**Problem to work on**
Could you retype all of the entries exactly, without their pictures?

**Task data**
▶
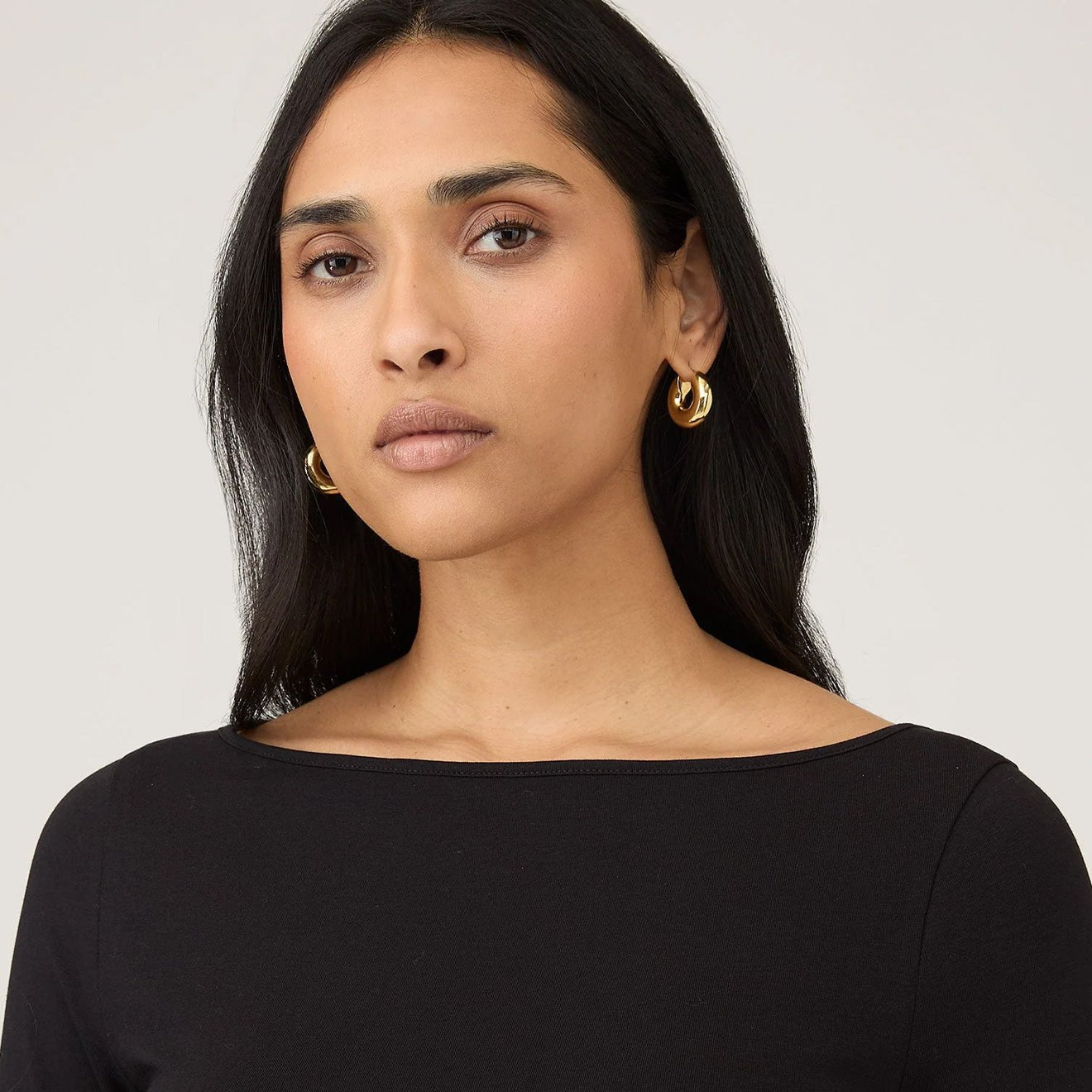 Sunspel Womens Slash Neck L/S Top Black - The Sporting Lodge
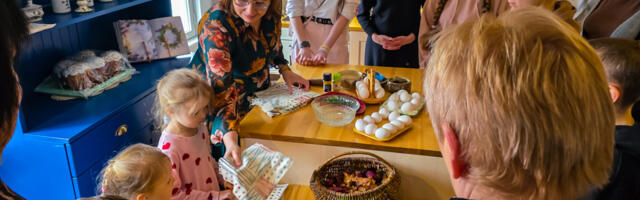 Haapsalus valmisid sibulakoorte ja vahaga kaunistatud lihavõttemunad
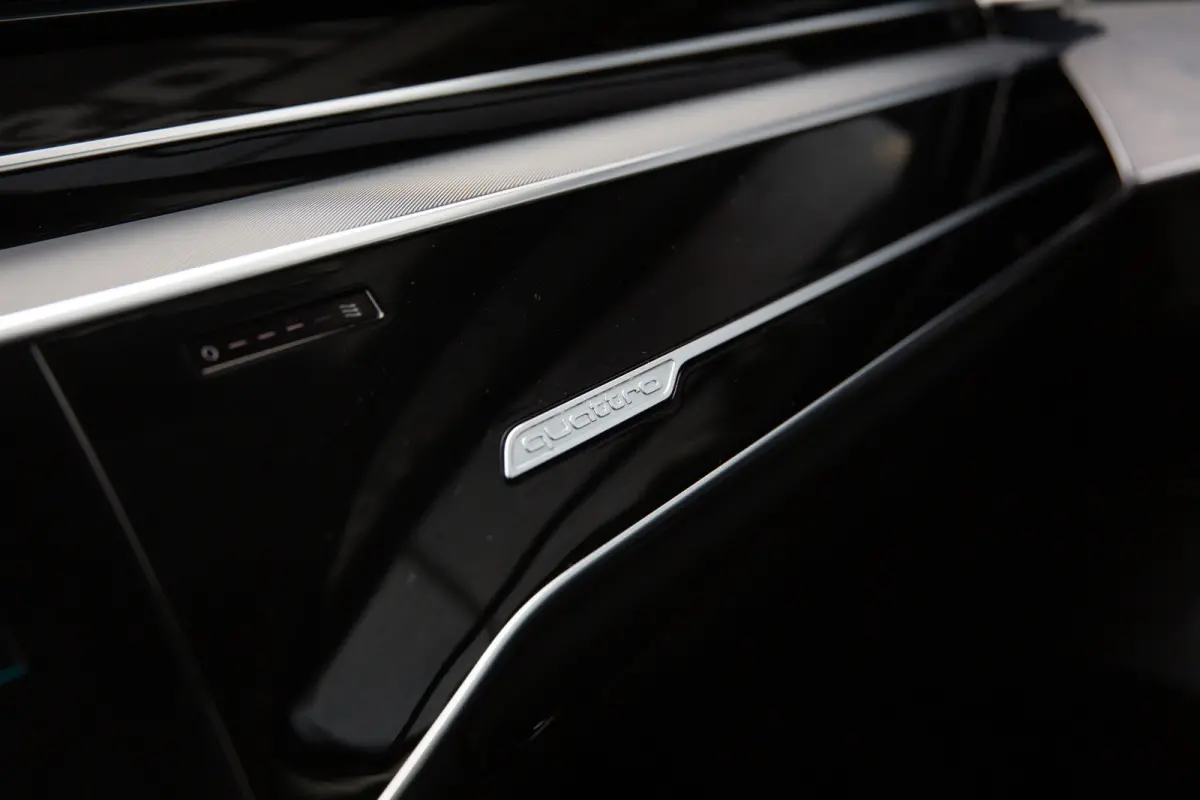 60 TFSI e quattro Lang Pro Line Plus , SoH 94%, Panoramadak, Head-up display, 3D-camera, Laser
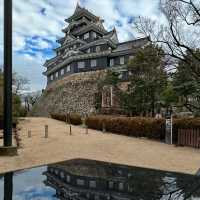  ### **🏯✨ Okayama Castle Weekend Escape: The "Crow Castle" & Garden Bliss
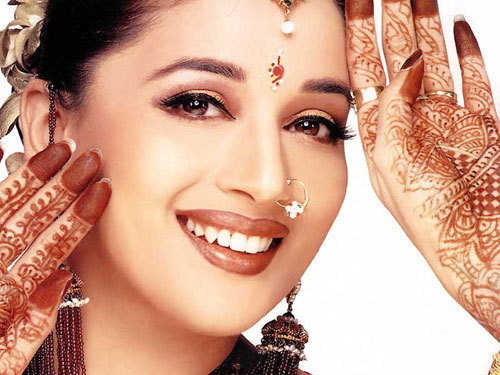 Madhuri Dixit - CONCURS 001-actrita bollywoodiana care arata cel mai bine ca mireasa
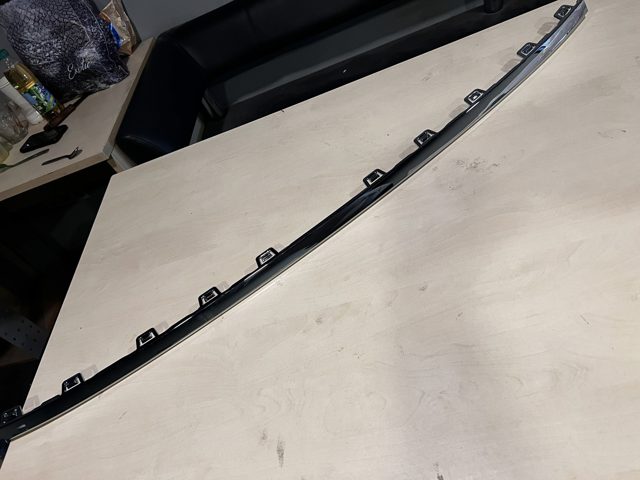 Купити 12G8538352ZZ VAG Молдинг заднього бампера, центральний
◀
**The completed task**
 Sunspel Womens Slash Neck L/S Top Black - The Sporting Lodge
 Haapsalus valmisid sibulakoorte ja vahaga kaunistatud lihavõttemunad
 60 TFSI e quattro Lang Pro Line Plus , SoH 94%, Panoramadak, Head-up display, 3D-camera, Laser
  ### **🏯✨ Okayama Castle Weekend Escape: The "Crow Castle" & Garden Bliss
 Madhuri Dixit - CONCURS 001-actrita bollywoodiana care arata cel mai bine ca mireasa
 Купити 12G8538352ZZ VAG Молдинг заднього бампера, центральний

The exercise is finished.